Professor; Ph.D.University of Glasgow, 1983

 

e-mail: nm_halden@umanitoba.ca

 

 

 

 

 


The Earth is a complex system.  From a geological perspective, different component parts of the system operate at different length and time scales; during the interactions there is feedback between the parts of the system as energy and mass are transferred and redistributed.   Minerals are important because they record the interactions.   The main thrust of my research over the past several years has been to characterize and quantify the distribution of trace elements in zoned minerals in such a way that the patterns of their distribution can be related to environments of mineral growth.   I have directed my efforts in four areas: (1) modelling of trace element oscillatory zoning in minerals from igneous and surficial environments; (2) trace element distribution in layered igneous intrusions; (3) image and microbeam analysis of otolith microchemistry; (4) field-based studies of layered igneous rocks, mineral deposits and deformed sulphide mineralization.

 

Zoning in minerals: In order to understand the significance of oscillatory zoning patterns (OZP) it is important that we develop a quantitative means of describing the patterns as well as a means of linking the chemical and structural information to the optical features.  In this way we will be able to (1) compare zoning patterns in natural minerals and (2) compare natural patterns with the products of numerical models.  This work is needed to set out the framework for considering minerals as dynamical systems.  I have shown, using image and numerical analysis, that it is possible to determine Lyapounov exponents and fractal dimensions for trace‑element oscillatory zoning in minerals.
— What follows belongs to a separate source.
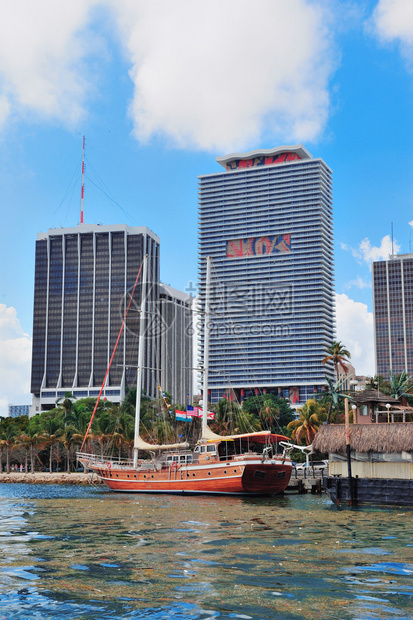 实时更新迈阿密热火今日比赛得分细节 关键球员发挥出色引领胜利节奏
In cases where the exponents are negative this shows that the patterns are chaotic which is a strong indication that the chemical variation is the product of local self-organized processes and chemical feedback operating at the growth interface of the mineral with its environment.   This is distinct from larger-scale changes in the bulk composition of the system.

Environmental studies: Otoliths are the ear bones of teleost (bony) fish, they are made of aragonite and/or vaterite and they are zoned.  Conservation and management of fish stocks require an accurate assessment of (1) the life histories of fish; (2) environmental factors affecting their behaviour and growth, and (3) population stock structure.  Fisheries scientists commonly determine Sr/Ca ratios in this material using EPMA.  This is not the optimum method because of ablation problems and relatively poor sensitivity for Sr; to analyze carbonates without ablation at the low ppm levels desired (~2 - 10 ppm) Proton-Induced X-ray Emission (PIXE) is a more appropriate tool. With the capacity to analyze and map trace elements in minerals I have applied this to a variety of otolith microchemistry problems.

Microbeam studies: For several years I have been working with PIXE (proton-induced X-ray emission) and SPM (scanning proton microprobe) for mineralogical analysis.  2 - 3 MeV µ-PIXE and SPM can be used to analyze and map trace elements (REE, HFSE and LIL) in complexly zoned minerals. These techniques can also be used to map trace elements at grain boundaries. Quantitative data, with detection limits in the low ppm range, is crucial to understanding element partitioning between minerals and their environment. More recently LA-ICP-MS analysis has allowed the analysis of a wider suite of elements to better characterize different environments and growth histories.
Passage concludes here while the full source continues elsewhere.